- **What the task requires**
What is needed is an exact copy of the lines in the entries below from the one holding "More Photos Of" through the one holding "טויוטה C-HR", pictures excluded.

- **Information shown**
──────────

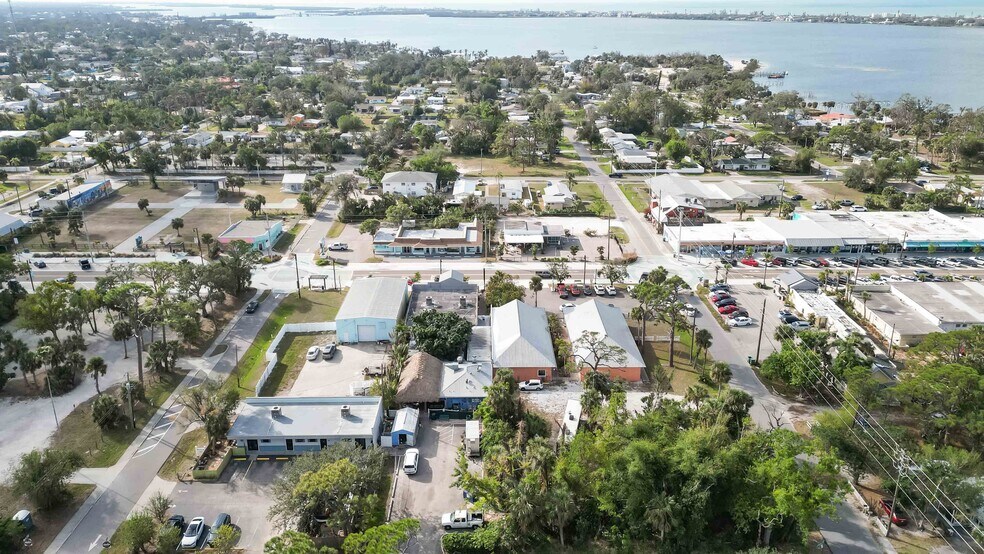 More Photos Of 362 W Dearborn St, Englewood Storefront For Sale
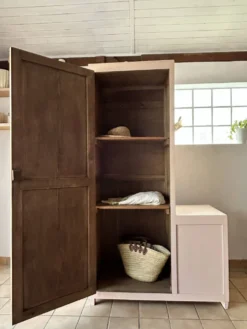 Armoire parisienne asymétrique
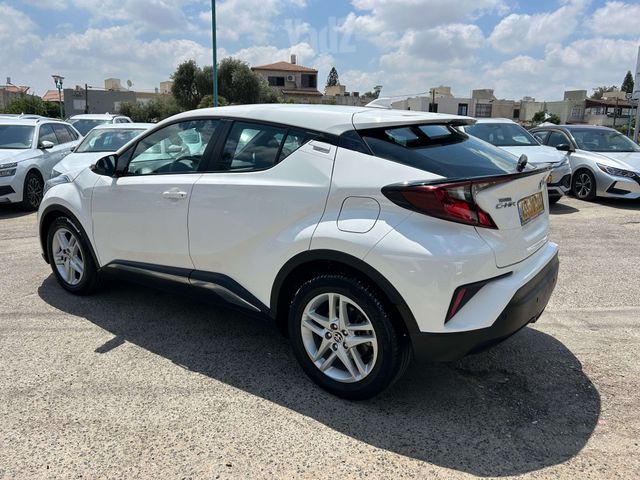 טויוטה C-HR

──────────

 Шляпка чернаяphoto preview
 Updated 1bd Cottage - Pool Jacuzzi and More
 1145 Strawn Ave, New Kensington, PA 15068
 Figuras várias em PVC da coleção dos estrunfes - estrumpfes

──────────

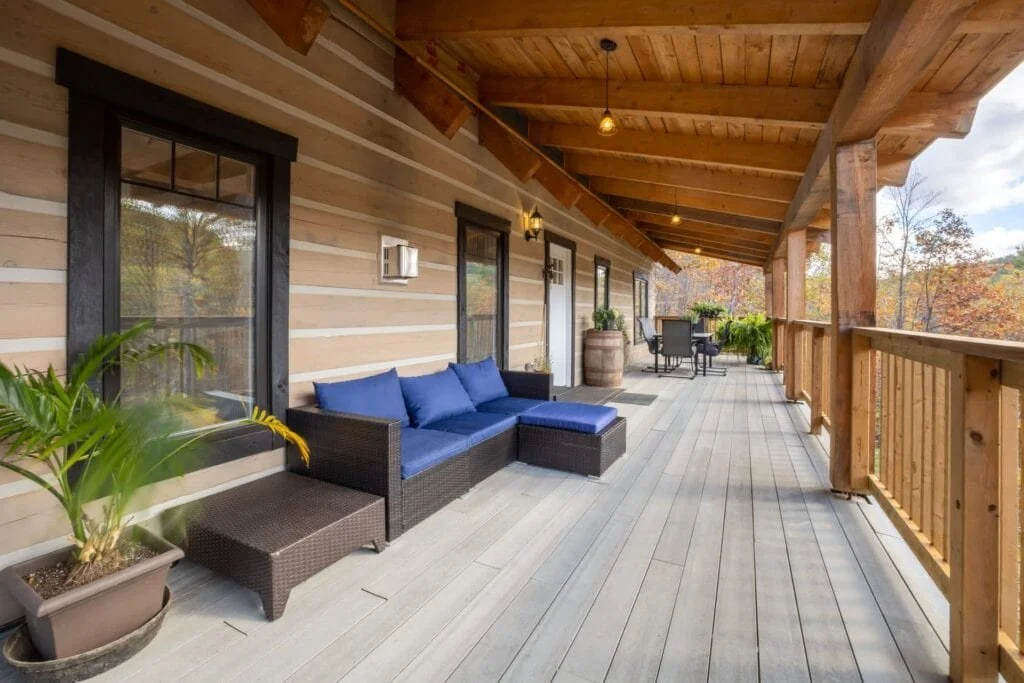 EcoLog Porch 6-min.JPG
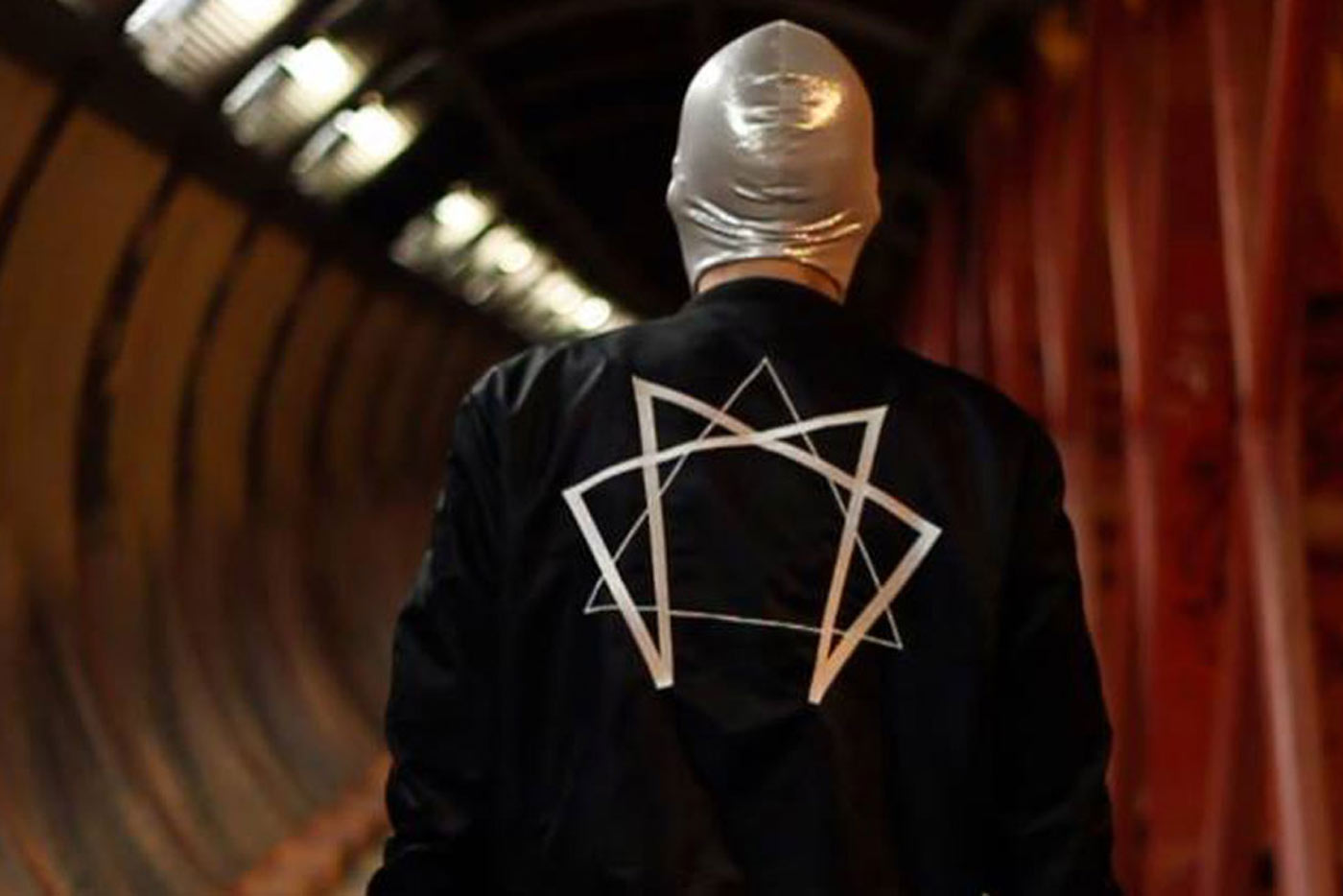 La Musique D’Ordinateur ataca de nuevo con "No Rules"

──────────

- **Response area**
 More Photos Of 362 W Dearborn St, Englewood Storefront For Sale
 Armoire parisienne asymétrique
 טויוטה C-HR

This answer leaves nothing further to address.